When visiting Arlington National Cemetery, you will notice labels on many trees, including state champions, memorial trees and Medal of Honor trees. The information on the labels includes the tree's scientific name, common name, family and native range:
The scientific name is universal, allowing horticulturists, naturalists, arborists, botanists and other scientists from around the world to have a standardized name for a tree. The first part of the name is the genus (e.g. type) and the second part of the name is called the specific epithet. The two names together comprise the species name. Sometimes the name includes a third part which indicates that the tree is a subspecies, variety or cultivar of the species. If the name includes an “X” between the genus and species name, this indicates that the tree is a hybrid between two species. When the genus name is preceded by an “X,” the tree is a hybrid or cross between two genera.

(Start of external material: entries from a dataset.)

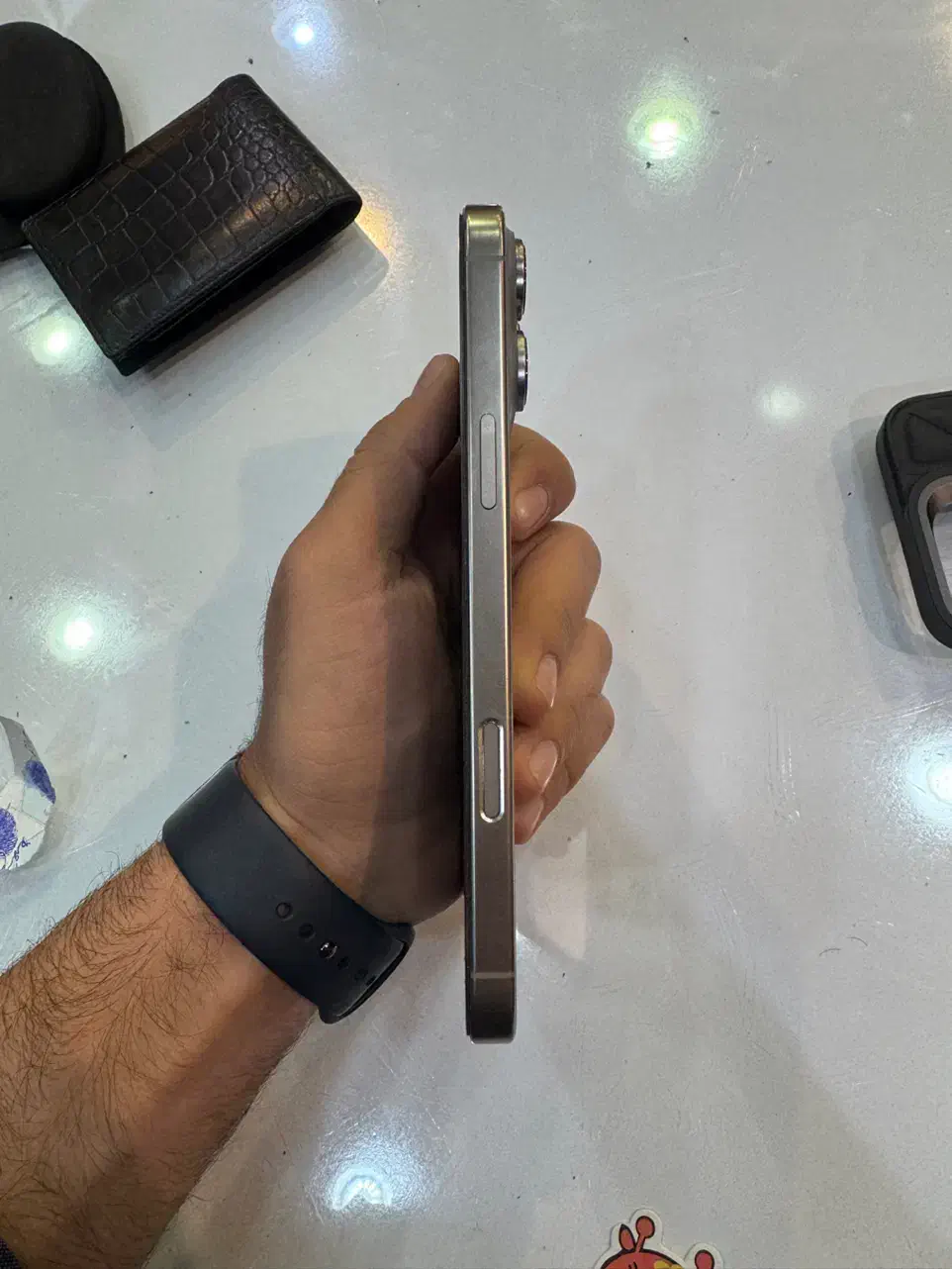 آیفون 16pro max|موبایل|مشهد, احمدآباد|دیوار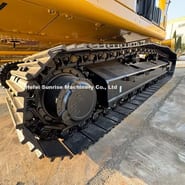 2026 Caterpillar 320D Crawler Excavator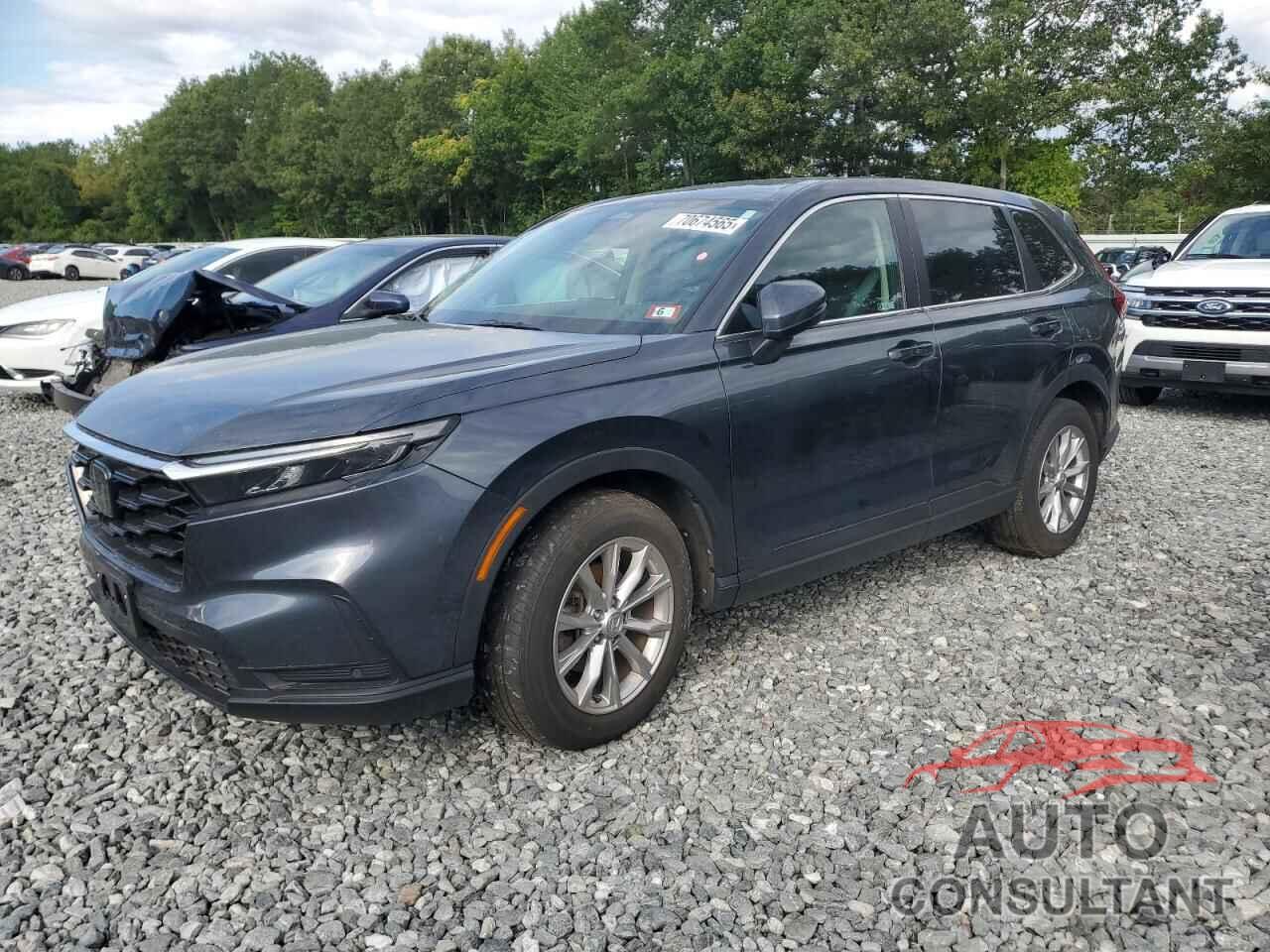 HONDA CRV 2023 - 2HKRS4H70PH435950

The common name is what the tree is known as locally. Common names can be confusing, because the same tree may have different common names in different parts of the world, country or even state. The black gum tree, for example, is also known as the tupelo, black tupelo or sour gum. To avoid any confusion, the use of the scientific name, Nyssa sylvatica, allows scientists from all over the world to understand one another — to be up the right tree, so to speak.
The family name goes one step further in classifying the type of tree. It is useful to understand how different species are related to one another.
The label also indicates the tree's approximate native range. Although a large portion of the cemetery's trees are native to northern Virginia, many exotic or non-native trees complement the landscape.